- Work to complete -
Your task is to reproduce exactly the lines from the one containing "YOSHI - Yoga" through the last line below, both ends included, and nothing else, with no pictures.

- Supplied information -
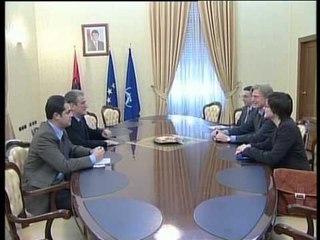 Zgjedhjet, vezhguesit 27.03.11.mpg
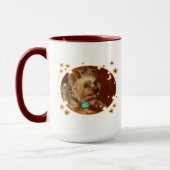 la bella vita mok (Links)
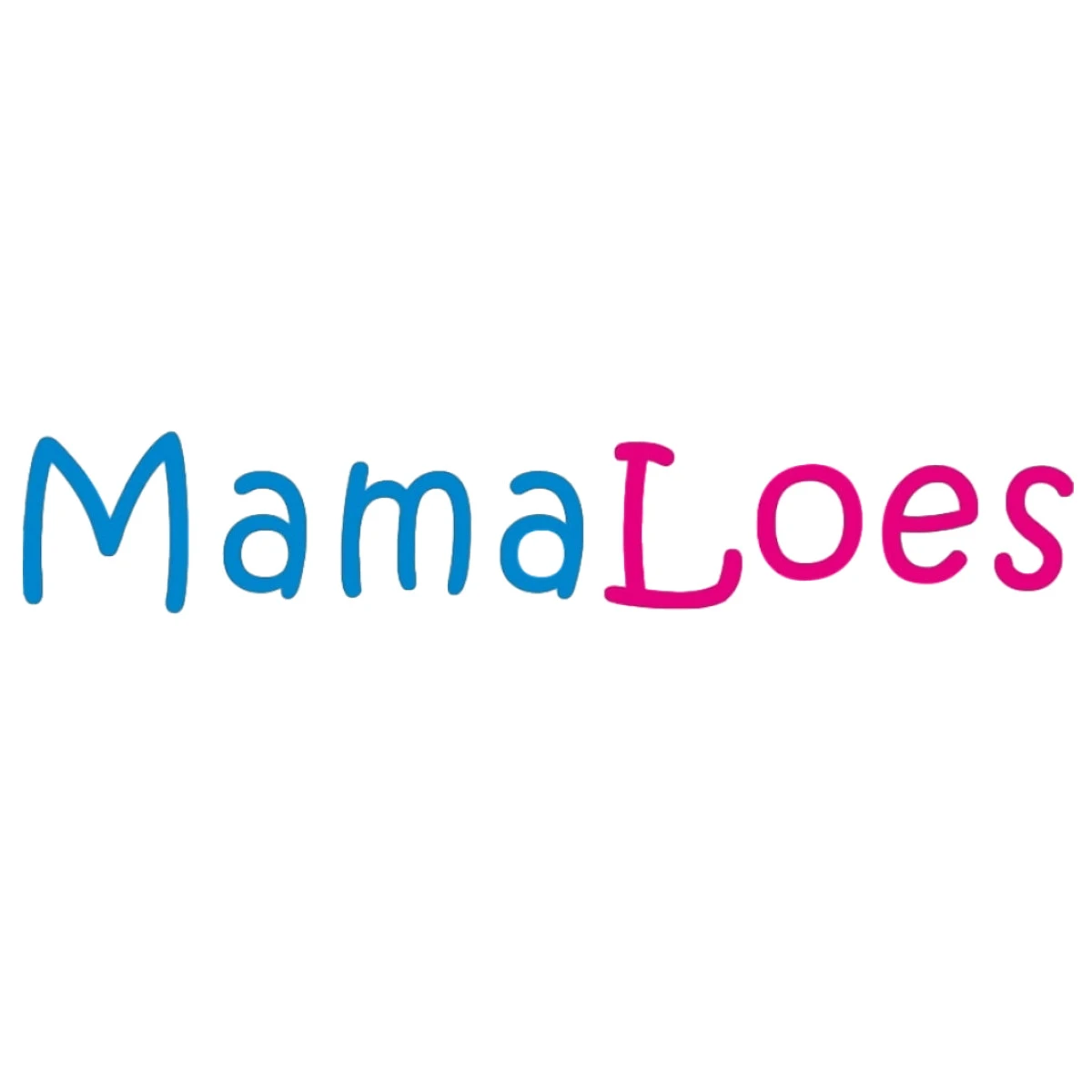 MamaLoes Botanical Animals Grijs Medium Voedingskussen ML020302 6 MamaLoes Botanical Animals Grijs Medium Voedingskussen ML020302 - Afbeelding 4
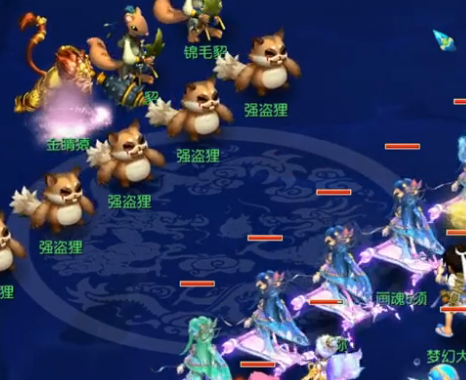 起点 起点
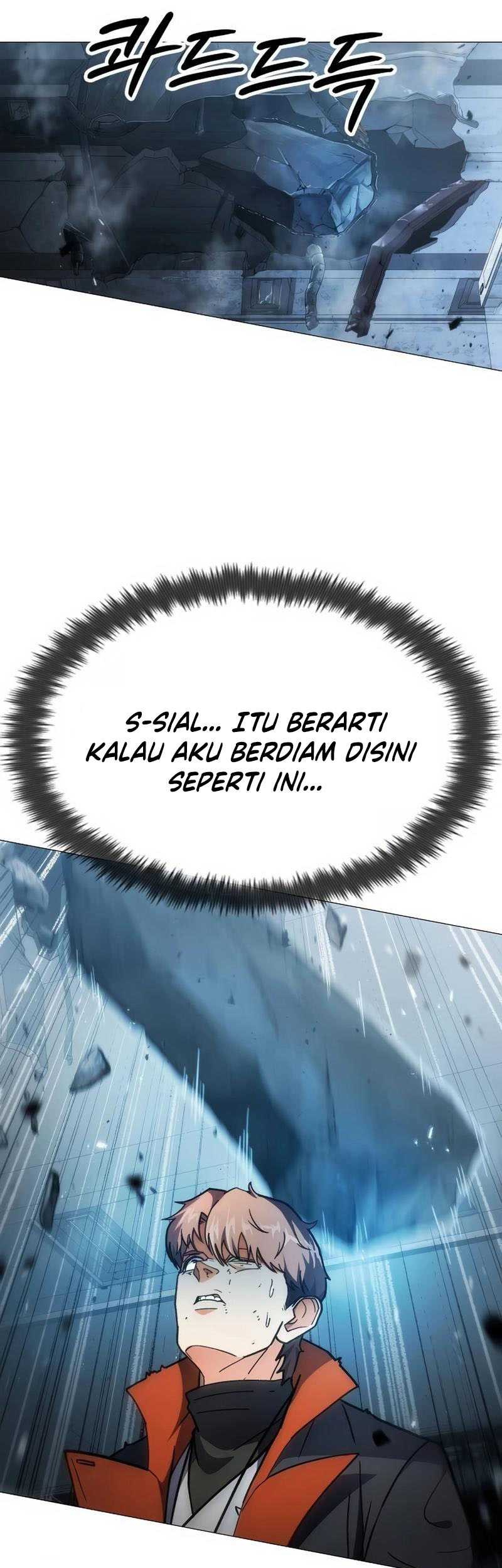 Halaman 84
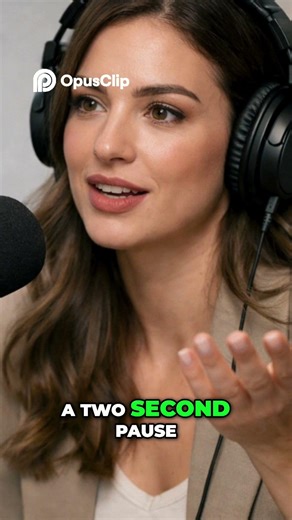 Mastering The Art of Strategic Silence for Powerful Communication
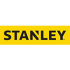 Stanley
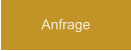 Anfrage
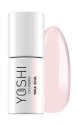 YOSHI - Yoga Soul - UV Hybrid - Lakier hybrydowy - 6 ml  - 307 Yoga Soul - 307 Yoga Soul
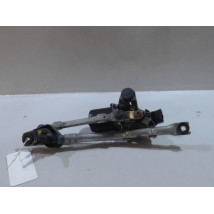 MECANISME ESSUIE-GLACE AVANT TOYOTA AYGO 5P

- Solution to the problem -
 YOSHI - Yoga Soul - UV Hybrid - Lakier hybrydowy - 6 ml  - 307 Yoga Soul - 307 Yoga Soul
 MECANISME ESSUIE-GLACE AVANT TOYOTA AYGO 5P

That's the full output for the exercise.